Crawled caption data
· · · ·
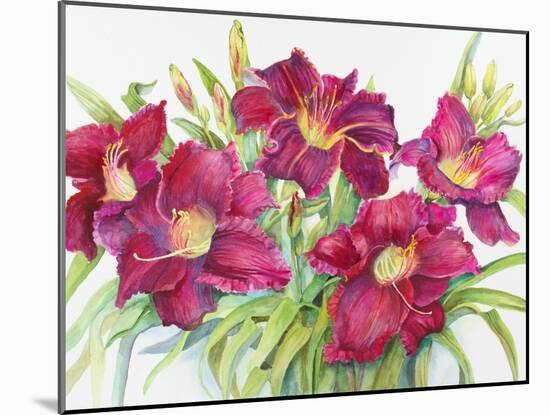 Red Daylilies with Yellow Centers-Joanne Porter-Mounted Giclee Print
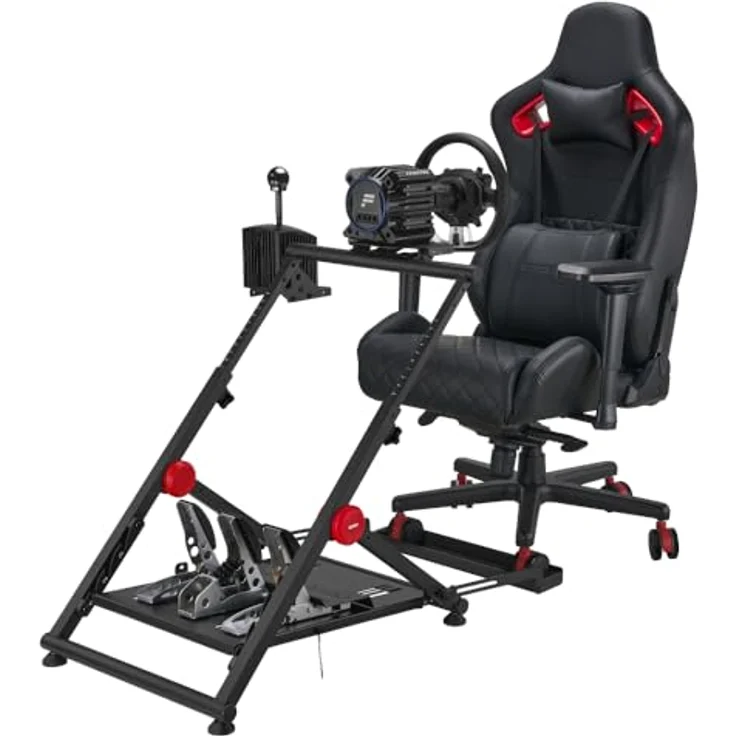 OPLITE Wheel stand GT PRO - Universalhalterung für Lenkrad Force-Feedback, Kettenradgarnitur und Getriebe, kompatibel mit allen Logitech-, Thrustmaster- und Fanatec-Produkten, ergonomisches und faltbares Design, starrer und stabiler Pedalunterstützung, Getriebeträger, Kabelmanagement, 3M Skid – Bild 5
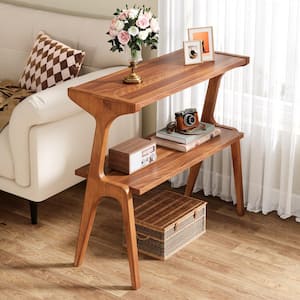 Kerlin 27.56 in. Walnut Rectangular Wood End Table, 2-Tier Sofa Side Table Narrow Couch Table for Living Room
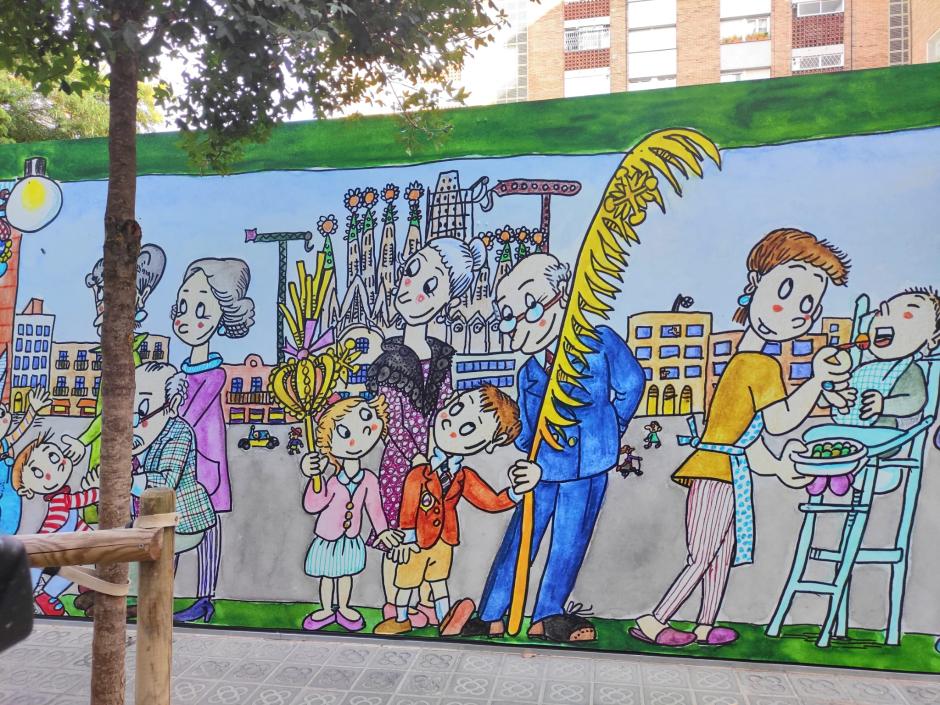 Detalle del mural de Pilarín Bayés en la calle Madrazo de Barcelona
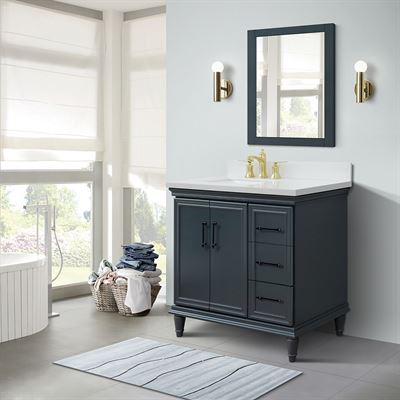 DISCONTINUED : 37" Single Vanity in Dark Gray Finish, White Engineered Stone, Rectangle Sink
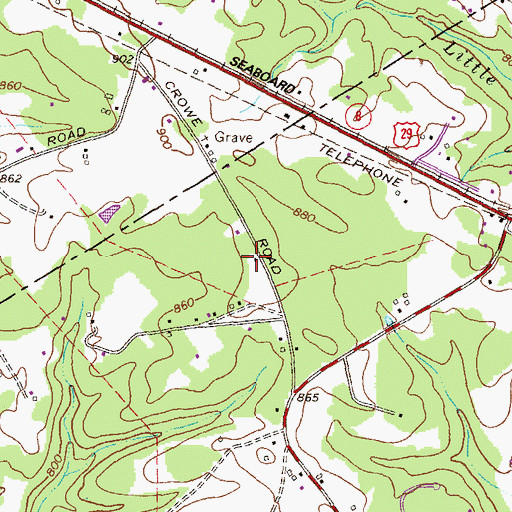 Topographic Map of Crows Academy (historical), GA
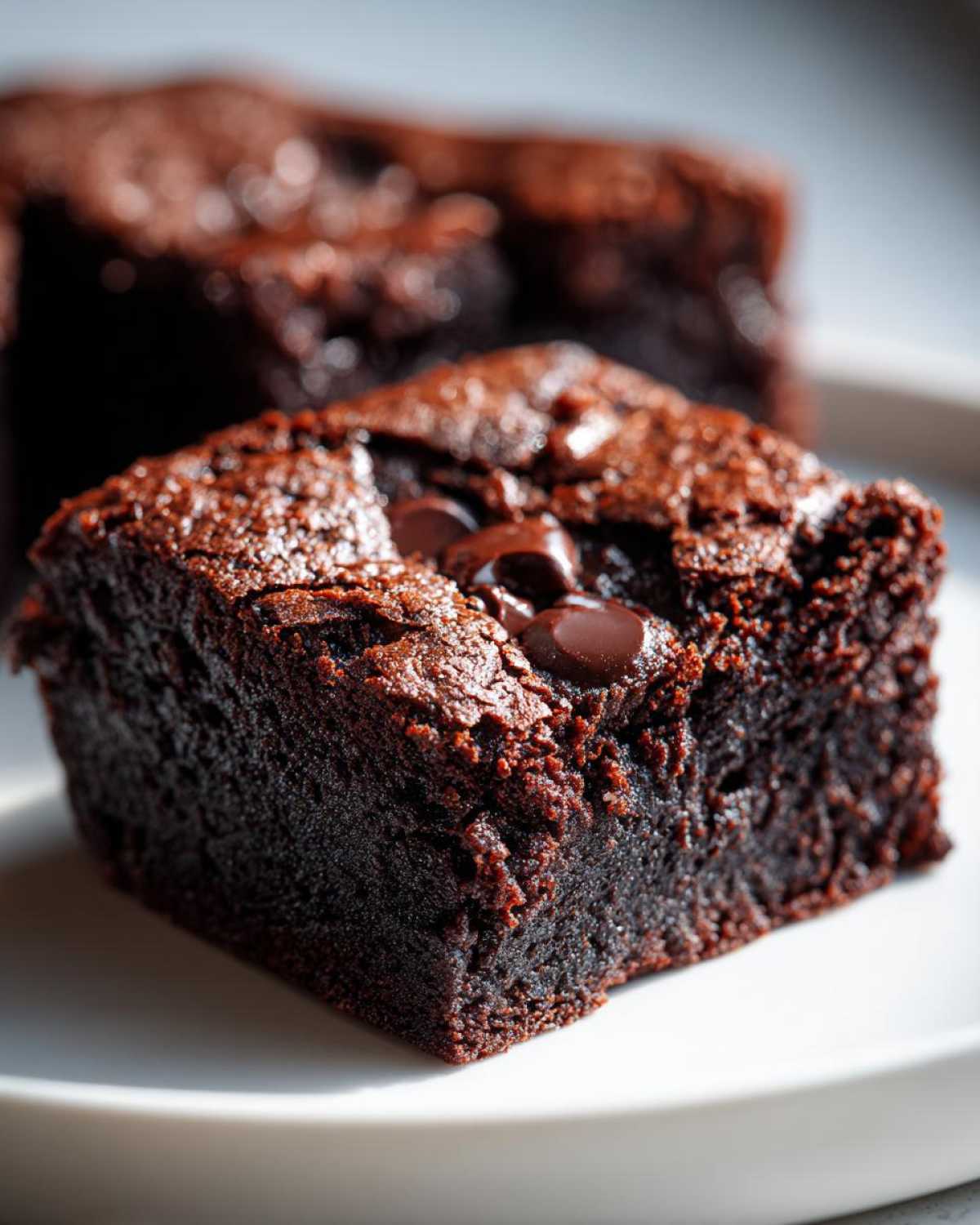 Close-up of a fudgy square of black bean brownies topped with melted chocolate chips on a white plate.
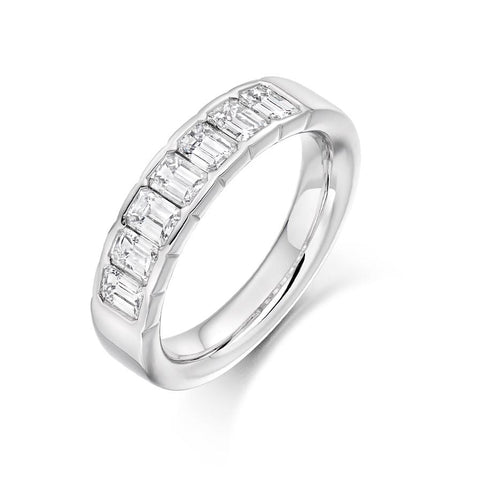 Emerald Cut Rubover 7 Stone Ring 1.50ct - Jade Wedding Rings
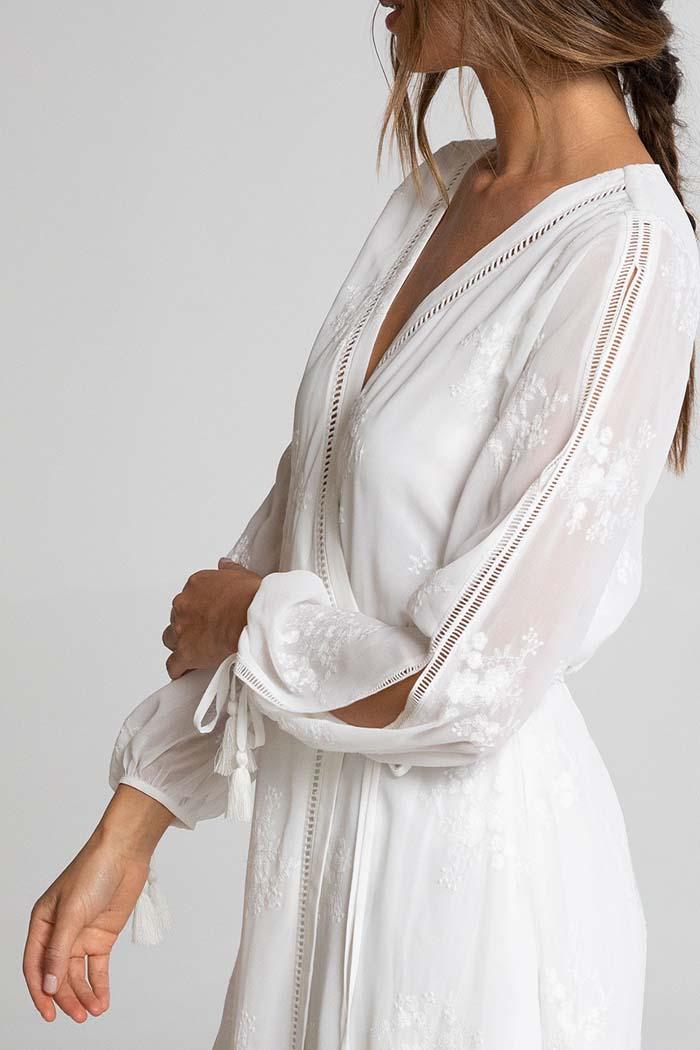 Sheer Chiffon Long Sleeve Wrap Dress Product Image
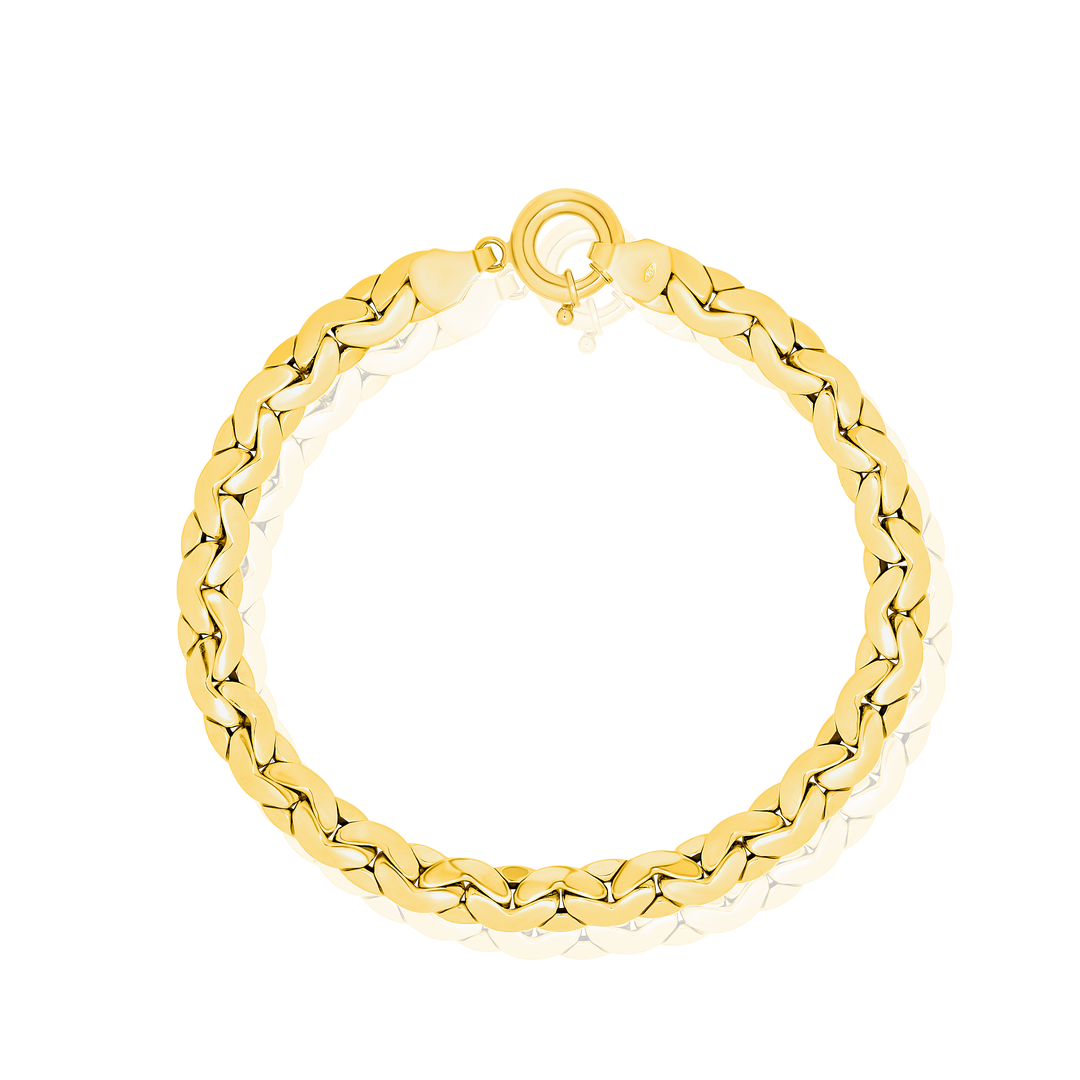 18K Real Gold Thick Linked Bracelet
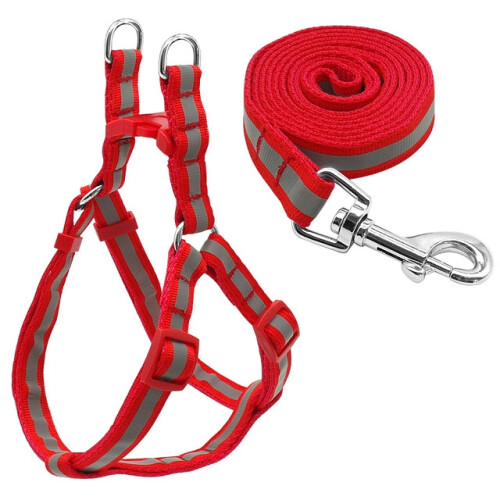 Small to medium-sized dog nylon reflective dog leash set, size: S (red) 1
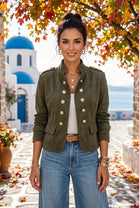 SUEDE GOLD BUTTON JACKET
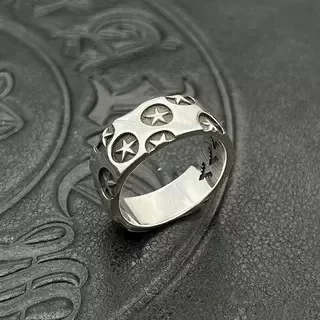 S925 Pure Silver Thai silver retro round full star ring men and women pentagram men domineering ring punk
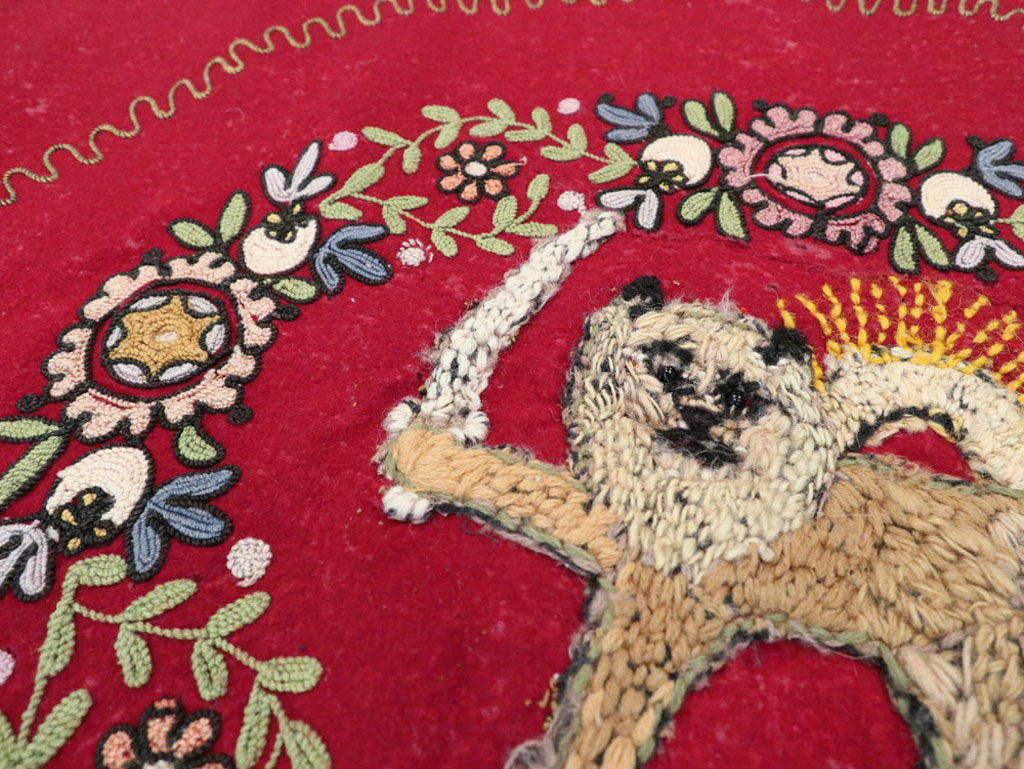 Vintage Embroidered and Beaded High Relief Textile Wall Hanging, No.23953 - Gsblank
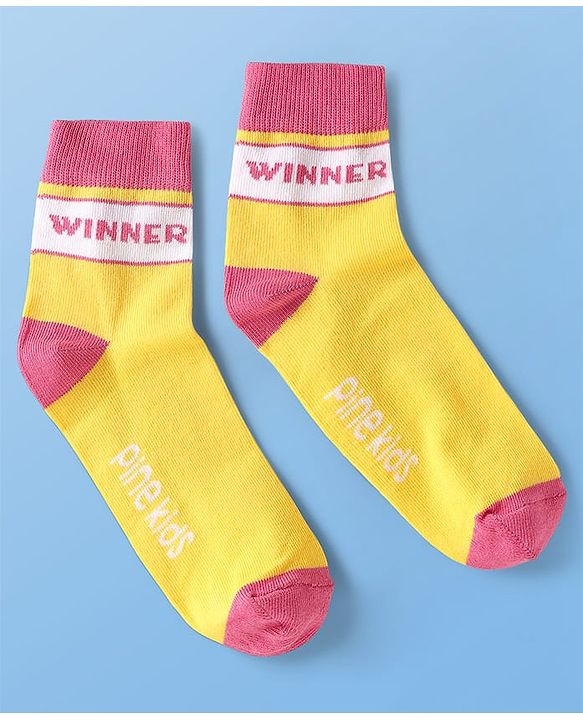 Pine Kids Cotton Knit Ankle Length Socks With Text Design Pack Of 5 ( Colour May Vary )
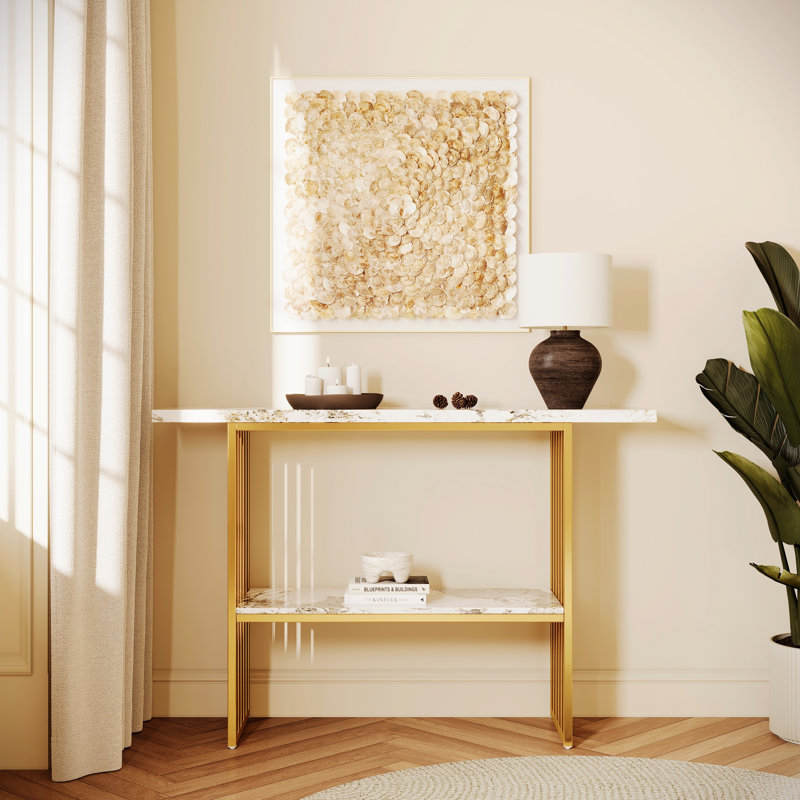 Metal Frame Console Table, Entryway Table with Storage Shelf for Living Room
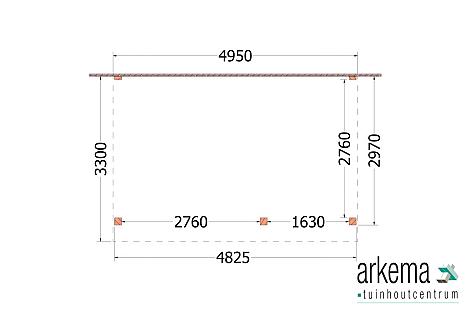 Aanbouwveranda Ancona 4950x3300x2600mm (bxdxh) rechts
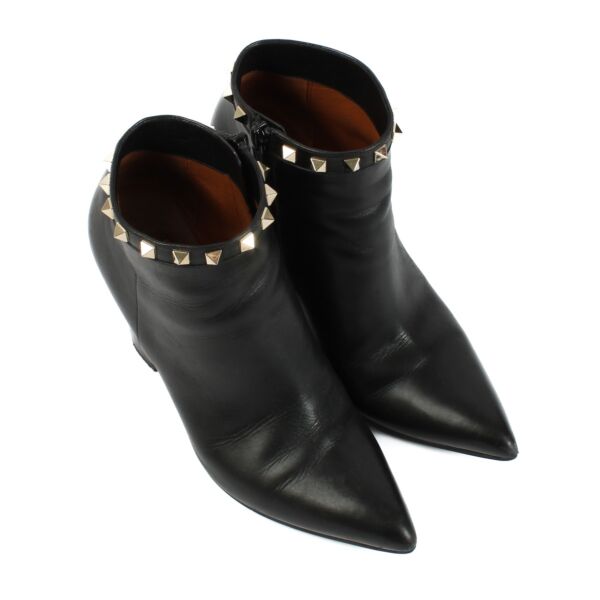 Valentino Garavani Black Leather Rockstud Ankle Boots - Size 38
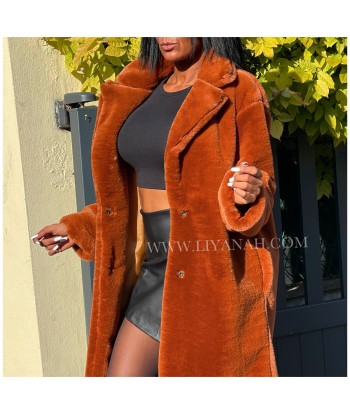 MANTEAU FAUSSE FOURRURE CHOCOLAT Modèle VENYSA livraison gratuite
· · · ·
■ What the task asks: Begin with the first line of the entries above and write out each line exactly, ending with the line containing "Detalle del mural". Leave out pictures.

■ Task answer:
 Red Daylilies with Yellow Centers-Joanne Porter-Mounted Giclee Print
 OPLITE Wheel stand GT PRO - Universalhalterung für Lenkrad Force-Feedback, Kettenradgarnitur und Getriebe, kompatibel mit allen Logitech-, Thrustmaster- und Fanatec-Produkten, ergonomisches und faltbares Design, starrer und stabiler Pedalunterstützung, Getriebeträger, Kabelmanagement, 3M Skid – Bild 5
 Kerlin 27.56 in. Walnut Rectangular Wood End Table, 2-Tier Sofa Side Table Narrow Couch Table for Living Room
 Detalle del mural de Pilarín Bayés en la calle Madrazo de Barcelona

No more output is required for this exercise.